I could see the uncertainty coloring his face this morning as he sipped his coffee, already going cold, while I poured a fresh cup for myself at the counter, carrying the carafe to the breakfast table to top off his cup. Not uncertainty about my reasons for screaming—that was ever-present—but uncertainty about whether even to raise the subject. Should I ask her? Are some subjects better left in the subconscious?
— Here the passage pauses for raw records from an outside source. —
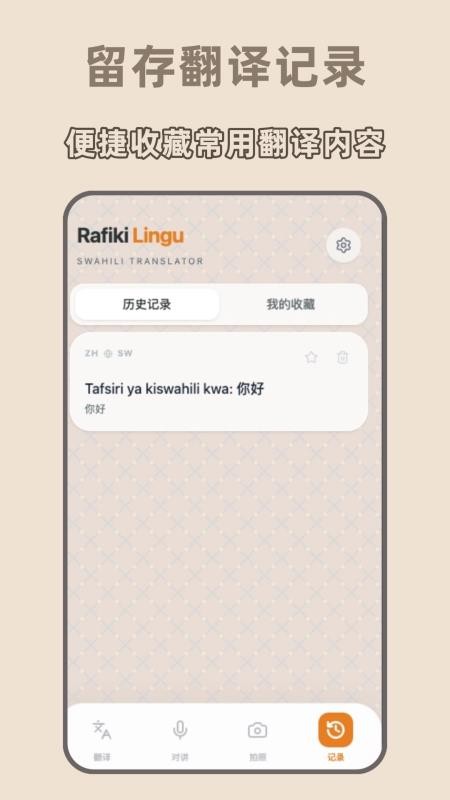 斯瓦希里语翻译免费版v1.0.0 4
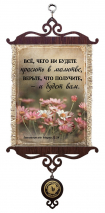 Свиток &quot;ВСЕ, ЧЕГО НЕ БУДЕТЕ ПРОСИТЬ В МОЛИТВЕ&quot; /формат А5/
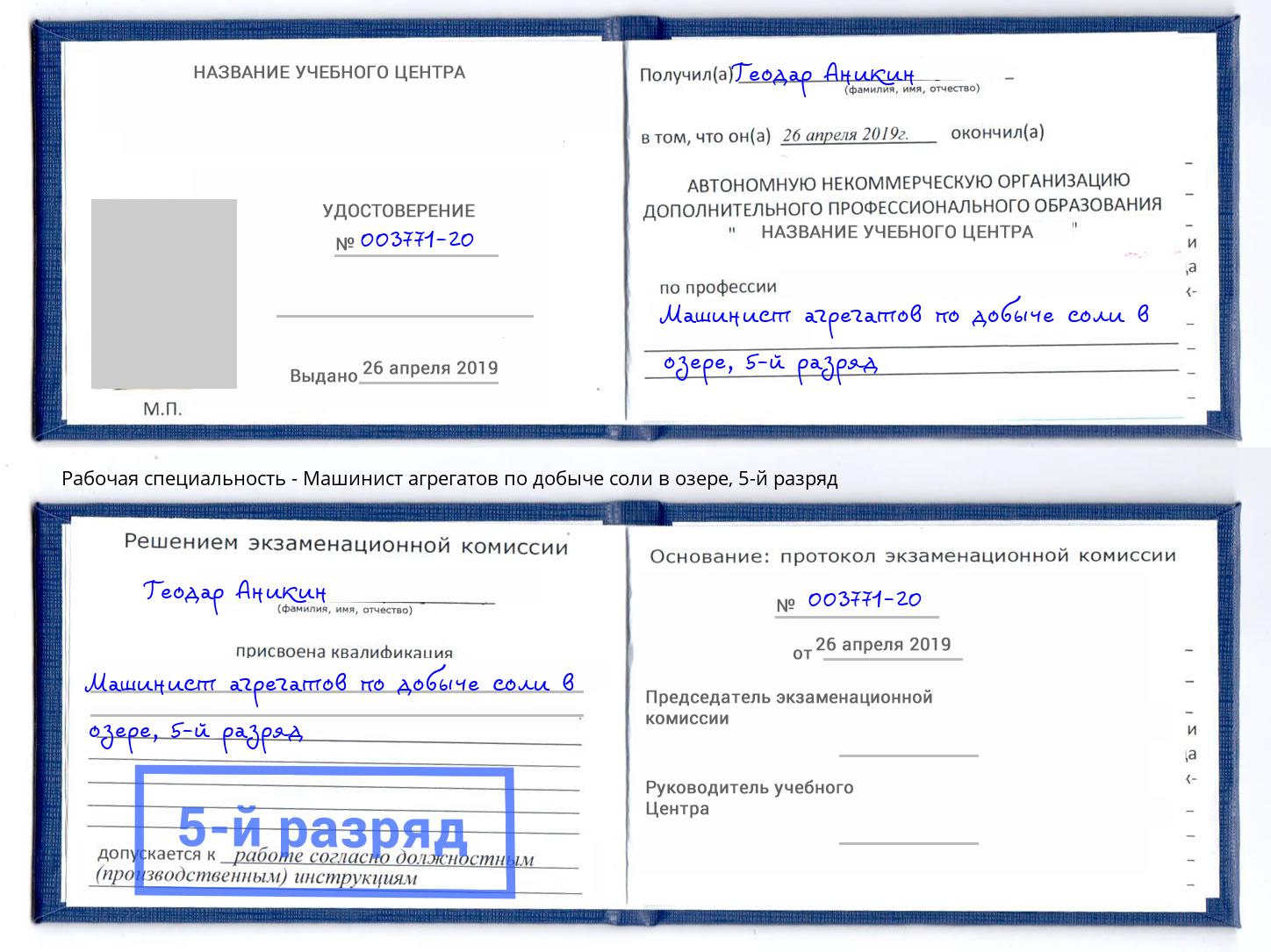 корочка 5-й разряд Машинист агрегатов по добыче соли в озере Владикавказ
The Nightmare by Lars Kepler (translated by Laura A. Wideburg), Sarah Crichton Books, July 3
In the light of the long June night, on becalmed waters, a large pleasure craft is discovered adrift on Jungfrufjärden Bay in the southern Stockholm archipelago. The water, a sleepy blue-gray in color, moves as softly as the fog. The old man rowing in his wooden skiff calls out a few times, even though he’s starting to suspect no one is going to answer. He’s been watching the yacht from shore for almost an hour, as it’s been drifting backward, pushed by the lazy current away from land.
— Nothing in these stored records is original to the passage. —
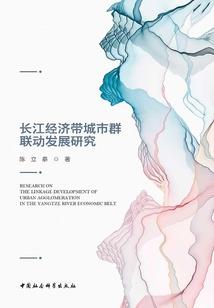相如人生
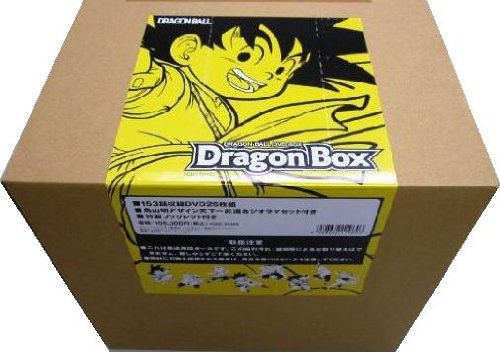 DRAGON BALL DVD BOX DRAGON BOX(中古品)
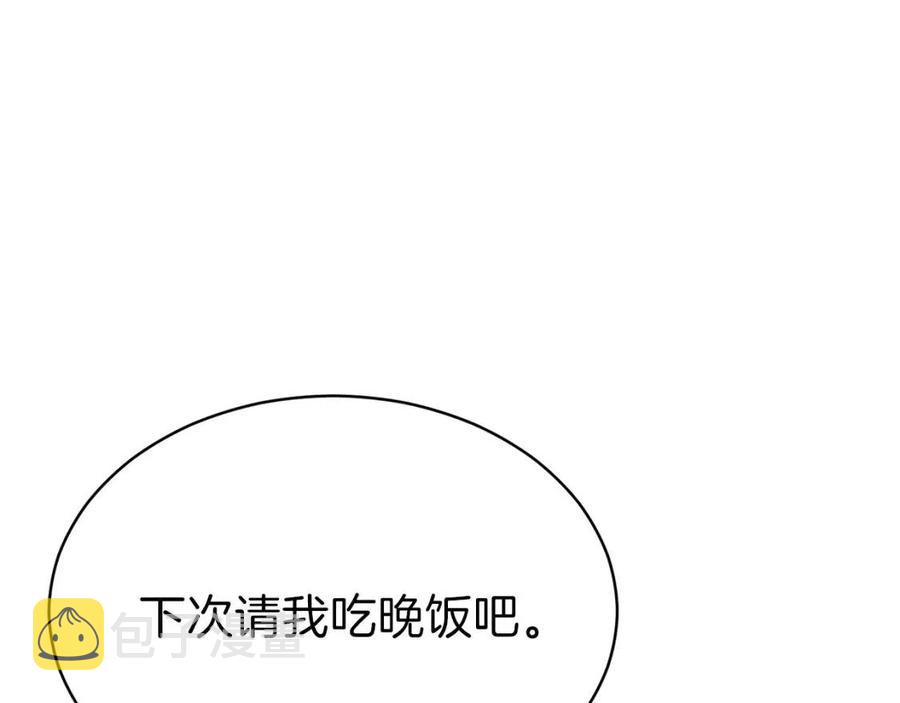 第42话 人鱼洞穴7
The man guides his boat until it bumps against the larger craft. Pulling in his oars and tying up to the swimming platform, he climbs the metal ladder and over the railing. There’s nothing to see on the afterdeck except for a pink recliner. The old man stands still and listens. Hearing nothing, he opens the glass door and steps down into the salon.
Criminal by Karin Slaughter, Delacorte, July 10
August 15, 1974
Lucy Bennett
A cinnamon brown Oldsmobile Cutlass crawled up Edgewood Avenue, the windows lowered, the driver hunched down in his seat. The lights from the console showed narrow, beady eyes tracing along the line of girls standing under the street sign. Jane. Mary. Lydia. The car stopped. Predictably, the man tilted up his chin toward Kitty. She trotted over, adjusting her miniskirt as she navigated her spiked heels across the uneven asphalt. Two weeks ago, when Juice had first brought Kitty onto the corner, she’d told the other girls she was sixteen, which probably meant fifteen, though she looked no older than twelve.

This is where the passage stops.